(Crawled caption data)
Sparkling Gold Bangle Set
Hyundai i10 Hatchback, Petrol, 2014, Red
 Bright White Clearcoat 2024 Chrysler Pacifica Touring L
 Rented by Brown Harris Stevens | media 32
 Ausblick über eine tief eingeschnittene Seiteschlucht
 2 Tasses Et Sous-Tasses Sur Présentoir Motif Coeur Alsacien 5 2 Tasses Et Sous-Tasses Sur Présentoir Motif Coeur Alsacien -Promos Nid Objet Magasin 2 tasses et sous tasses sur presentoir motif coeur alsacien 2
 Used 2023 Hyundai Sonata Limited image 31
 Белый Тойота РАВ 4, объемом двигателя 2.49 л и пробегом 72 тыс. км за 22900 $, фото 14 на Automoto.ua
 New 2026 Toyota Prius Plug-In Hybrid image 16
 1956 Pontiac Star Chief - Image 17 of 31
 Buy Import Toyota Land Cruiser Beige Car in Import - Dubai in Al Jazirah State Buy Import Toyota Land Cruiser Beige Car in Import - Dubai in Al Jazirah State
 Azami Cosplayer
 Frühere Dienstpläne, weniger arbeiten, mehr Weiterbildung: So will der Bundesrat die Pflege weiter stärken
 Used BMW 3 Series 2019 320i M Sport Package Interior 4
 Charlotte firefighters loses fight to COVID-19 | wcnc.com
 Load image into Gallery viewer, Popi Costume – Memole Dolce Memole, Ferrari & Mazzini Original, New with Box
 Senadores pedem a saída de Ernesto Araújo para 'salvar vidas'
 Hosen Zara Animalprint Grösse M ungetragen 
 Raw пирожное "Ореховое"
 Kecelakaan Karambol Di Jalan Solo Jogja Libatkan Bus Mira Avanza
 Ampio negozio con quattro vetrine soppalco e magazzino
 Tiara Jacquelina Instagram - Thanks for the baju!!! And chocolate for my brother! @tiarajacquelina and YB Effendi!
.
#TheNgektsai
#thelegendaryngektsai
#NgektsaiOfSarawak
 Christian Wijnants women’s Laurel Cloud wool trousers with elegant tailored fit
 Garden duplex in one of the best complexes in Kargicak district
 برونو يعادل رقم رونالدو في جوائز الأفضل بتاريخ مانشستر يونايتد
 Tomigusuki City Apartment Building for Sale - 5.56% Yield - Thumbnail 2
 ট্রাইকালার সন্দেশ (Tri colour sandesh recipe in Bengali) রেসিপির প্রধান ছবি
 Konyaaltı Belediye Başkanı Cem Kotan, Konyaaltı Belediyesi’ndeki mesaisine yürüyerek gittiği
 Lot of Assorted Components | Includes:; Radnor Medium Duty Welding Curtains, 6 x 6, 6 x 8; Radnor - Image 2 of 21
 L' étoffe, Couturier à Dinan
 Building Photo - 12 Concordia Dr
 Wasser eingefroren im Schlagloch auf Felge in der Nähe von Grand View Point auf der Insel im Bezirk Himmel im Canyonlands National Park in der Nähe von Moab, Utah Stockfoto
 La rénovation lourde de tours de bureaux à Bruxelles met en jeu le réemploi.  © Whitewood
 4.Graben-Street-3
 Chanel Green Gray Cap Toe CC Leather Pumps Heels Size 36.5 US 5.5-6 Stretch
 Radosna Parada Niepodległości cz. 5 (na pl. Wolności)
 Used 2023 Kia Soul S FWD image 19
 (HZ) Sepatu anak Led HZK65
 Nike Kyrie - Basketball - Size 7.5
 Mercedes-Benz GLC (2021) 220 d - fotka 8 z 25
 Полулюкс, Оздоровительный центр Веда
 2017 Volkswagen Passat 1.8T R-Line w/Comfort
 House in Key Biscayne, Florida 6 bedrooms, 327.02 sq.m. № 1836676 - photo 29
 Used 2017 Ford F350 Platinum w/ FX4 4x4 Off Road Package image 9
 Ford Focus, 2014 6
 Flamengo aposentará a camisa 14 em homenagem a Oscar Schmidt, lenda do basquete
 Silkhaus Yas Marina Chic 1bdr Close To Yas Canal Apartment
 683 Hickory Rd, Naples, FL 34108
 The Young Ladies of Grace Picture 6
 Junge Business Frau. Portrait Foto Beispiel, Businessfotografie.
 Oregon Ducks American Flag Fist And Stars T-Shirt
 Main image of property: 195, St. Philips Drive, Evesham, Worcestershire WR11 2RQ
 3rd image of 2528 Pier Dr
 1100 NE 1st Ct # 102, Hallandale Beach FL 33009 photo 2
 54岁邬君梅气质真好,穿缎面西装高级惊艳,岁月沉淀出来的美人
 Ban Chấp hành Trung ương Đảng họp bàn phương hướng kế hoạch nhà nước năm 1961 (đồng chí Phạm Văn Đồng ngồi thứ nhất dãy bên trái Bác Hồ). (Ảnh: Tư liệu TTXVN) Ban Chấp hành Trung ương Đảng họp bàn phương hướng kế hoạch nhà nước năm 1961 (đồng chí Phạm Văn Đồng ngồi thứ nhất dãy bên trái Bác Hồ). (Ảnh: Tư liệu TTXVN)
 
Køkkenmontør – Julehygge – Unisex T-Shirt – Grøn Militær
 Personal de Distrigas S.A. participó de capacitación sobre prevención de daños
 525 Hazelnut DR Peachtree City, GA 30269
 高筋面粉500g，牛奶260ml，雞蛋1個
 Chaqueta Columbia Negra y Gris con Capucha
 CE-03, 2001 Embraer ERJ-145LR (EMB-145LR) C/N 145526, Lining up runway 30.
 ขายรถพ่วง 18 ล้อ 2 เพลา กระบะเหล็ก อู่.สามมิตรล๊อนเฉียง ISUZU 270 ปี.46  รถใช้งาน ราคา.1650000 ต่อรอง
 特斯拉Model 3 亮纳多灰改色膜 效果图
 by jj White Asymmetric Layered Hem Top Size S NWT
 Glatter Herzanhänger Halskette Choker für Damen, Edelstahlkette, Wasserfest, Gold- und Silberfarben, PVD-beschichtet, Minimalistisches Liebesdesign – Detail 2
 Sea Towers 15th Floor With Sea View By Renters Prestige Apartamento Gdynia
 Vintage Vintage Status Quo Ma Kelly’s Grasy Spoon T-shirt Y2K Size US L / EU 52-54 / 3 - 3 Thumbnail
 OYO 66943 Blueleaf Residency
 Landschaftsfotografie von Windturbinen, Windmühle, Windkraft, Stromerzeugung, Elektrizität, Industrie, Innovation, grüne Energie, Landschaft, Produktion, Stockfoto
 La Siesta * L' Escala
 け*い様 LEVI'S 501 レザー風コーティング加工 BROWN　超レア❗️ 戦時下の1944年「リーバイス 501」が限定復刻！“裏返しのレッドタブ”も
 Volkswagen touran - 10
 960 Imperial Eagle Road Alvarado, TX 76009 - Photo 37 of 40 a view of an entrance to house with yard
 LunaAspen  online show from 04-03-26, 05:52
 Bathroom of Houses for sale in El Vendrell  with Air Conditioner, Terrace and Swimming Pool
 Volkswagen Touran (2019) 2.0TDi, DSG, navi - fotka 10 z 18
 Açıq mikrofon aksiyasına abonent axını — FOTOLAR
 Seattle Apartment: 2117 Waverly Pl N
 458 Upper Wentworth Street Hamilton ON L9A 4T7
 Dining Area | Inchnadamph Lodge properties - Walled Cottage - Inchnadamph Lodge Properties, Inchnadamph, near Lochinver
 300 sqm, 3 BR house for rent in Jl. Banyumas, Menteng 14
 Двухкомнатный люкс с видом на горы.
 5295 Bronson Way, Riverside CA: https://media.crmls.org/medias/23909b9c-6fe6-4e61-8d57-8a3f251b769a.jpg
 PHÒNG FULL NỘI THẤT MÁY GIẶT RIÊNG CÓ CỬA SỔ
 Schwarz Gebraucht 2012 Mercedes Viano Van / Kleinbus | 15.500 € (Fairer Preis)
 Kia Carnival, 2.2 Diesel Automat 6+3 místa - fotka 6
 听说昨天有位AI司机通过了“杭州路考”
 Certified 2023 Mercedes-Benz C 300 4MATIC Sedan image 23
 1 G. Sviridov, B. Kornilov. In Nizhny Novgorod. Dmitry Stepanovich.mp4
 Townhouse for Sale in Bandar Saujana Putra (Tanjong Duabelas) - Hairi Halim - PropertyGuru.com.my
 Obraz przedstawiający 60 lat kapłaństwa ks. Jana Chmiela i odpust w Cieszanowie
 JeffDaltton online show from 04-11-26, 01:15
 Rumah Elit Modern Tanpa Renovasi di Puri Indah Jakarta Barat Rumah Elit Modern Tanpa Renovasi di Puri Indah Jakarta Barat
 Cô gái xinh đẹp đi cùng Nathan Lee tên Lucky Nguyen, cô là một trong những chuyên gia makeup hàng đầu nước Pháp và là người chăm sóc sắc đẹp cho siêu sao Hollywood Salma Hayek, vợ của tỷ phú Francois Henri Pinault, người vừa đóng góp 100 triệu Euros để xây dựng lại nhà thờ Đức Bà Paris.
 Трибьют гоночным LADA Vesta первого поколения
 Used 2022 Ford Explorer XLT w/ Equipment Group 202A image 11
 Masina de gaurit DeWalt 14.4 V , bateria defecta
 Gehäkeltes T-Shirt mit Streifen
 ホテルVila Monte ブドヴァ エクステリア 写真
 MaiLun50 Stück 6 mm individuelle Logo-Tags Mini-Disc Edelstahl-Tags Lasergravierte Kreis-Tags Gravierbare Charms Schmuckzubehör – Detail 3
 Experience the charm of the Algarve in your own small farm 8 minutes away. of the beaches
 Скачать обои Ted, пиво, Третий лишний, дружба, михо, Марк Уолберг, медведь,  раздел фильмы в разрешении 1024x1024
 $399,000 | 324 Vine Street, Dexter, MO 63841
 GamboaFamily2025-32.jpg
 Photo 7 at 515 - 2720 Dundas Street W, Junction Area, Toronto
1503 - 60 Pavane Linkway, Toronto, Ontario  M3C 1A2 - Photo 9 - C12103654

## Work order
Copy the lines above exactly, from the very first through the one containing "Senadores pedem a", and include no other line.

## Reply
Sparkling Gold Bangle Set
Hyundai i10 Hatchback, Petrol, 2014, Red
 Bright White Clearcoat 2024 Chrysler Pacifica Touring L
 Rented by Brown Harris Stevens | media 32
 Ausblick über eine tief eingeschnittene Seiteschlucht
 2 Tasses Et Sous-Tasses Sur Présentoir Motif Coeur Alsacien 5 2 Tasses Et Sous-Tasses Sur Présentoir Motif Coeur Alsacien -Promos Nid Objet Magasin 2 tasses et sous tasses sur presentoir motif coeur alsacien 2
 Used 2023 Hyundai Sonata Limited image 31
 Белый Тойота РАВ 4, объемом двигателя 2.49 л и пробегом 72 тыс. км за 22900 $, фото 14 на Automoto.ua
 New 2026 Toyota Prius Plug-In Hybrid image 16
 1956 Pontiac Star Chief - Image 17 of 31
 Buy Import Toyota Land Cruiser Beige Car in Import - Dubai in Al Jazirah State Buy Import Toyota Land Cruiser Beige Car in Import - Dubai in Al Jazirah State
 Azami Cosplayer
 Frühere Dienstpläne, weniger arbeiten, mehr Weiterbildung: So will der Bundesrat die Pflege weiter stärken
 Used BMW 3 Series 2019 320i M Sport Package Interior 4
 Charlotte firefighters loses fight to COVID-19 | wcnc.com
 Load image into Gallery viewer, Popi Costume – Memole Dolce Memole, Ferrari & Mazzini Original, New with Box
 Senadores pedem a saída de Ernesto Araújo para 'salvar vidas'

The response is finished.